*** Opening of Stored data ***
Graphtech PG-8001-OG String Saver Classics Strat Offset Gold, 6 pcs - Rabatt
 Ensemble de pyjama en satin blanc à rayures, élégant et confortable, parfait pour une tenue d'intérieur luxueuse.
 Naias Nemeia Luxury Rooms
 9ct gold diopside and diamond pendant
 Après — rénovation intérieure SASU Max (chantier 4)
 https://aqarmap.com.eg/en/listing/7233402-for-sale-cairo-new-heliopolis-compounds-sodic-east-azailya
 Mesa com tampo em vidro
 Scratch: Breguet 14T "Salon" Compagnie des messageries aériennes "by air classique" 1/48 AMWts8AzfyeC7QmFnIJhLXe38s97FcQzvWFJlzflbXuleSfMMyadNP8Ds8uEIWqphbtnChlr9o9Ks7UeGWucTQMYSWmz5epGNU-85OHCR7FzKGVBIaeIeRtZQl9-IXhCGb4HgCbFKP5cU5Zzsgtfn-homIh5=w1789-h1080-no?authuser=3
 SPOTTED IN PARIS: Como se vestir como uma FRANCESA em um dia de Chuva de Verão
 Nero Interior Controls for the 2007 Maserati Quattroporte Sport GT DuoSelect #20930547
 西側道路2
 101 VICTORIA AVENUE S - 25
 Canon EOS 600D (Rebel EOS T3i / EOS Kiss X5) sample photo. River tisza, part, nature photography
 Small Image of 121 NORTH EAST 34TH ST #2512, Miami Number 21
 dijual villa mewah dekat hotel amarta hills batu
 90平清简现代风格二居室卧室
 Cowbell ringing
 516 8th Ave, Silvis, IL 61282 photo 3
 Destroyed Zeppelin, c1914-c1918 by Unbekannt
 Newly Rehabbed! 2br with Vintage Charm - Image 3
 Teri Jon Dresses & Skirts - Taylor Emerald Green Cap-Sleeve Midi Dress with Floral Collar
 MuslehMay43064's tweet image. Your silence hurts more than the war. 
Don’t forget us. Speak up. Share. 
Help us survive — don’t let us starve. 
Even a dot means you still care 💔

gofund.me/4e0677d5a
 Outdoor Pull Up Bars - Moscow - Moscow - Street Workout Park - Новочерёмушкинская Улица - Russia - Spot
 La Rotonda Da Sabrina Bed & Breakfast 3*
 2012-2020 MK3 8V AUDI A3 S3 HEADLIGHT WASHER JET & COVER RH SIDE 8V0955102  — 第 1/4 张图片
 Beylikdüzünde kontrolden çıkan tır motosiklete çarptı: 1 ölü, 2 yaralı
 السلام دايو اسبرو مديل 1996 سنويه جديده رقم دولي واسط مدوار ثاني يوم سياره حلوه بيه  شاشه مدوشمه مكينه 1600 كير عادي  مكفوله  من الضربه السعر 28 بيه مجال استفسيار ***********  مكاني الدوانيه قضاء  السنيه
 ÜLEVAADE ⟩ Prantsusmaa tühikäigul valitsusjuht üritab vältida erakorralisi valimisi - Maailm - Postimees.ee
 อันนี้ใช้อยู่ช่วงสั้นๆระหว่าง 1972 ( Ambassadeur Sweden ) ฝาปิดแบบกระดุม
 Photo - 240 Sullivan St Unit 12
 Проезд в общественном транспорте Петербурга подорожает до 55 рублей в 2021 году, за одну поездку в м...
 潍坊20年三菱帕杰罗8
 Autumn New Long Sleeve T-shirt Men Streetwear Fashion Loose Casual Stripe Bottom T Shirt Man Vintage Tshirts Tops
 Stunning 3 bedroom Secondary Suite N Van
*** Close of Stored data ***
What is being asked: Find and copy each line of the material that holds the word "Sleeve".

Result of this exercise:
 Teri Jon Dresses & Skirts - Taylor Emerald Green Cap-Sleeve Midi Dress with Floral Collar
 Autumn New Long Sleeve T-shirt Men Streetwear Fashion Loose Casual Stripe Bottom T Shirt Man Vintage Tshirts Tops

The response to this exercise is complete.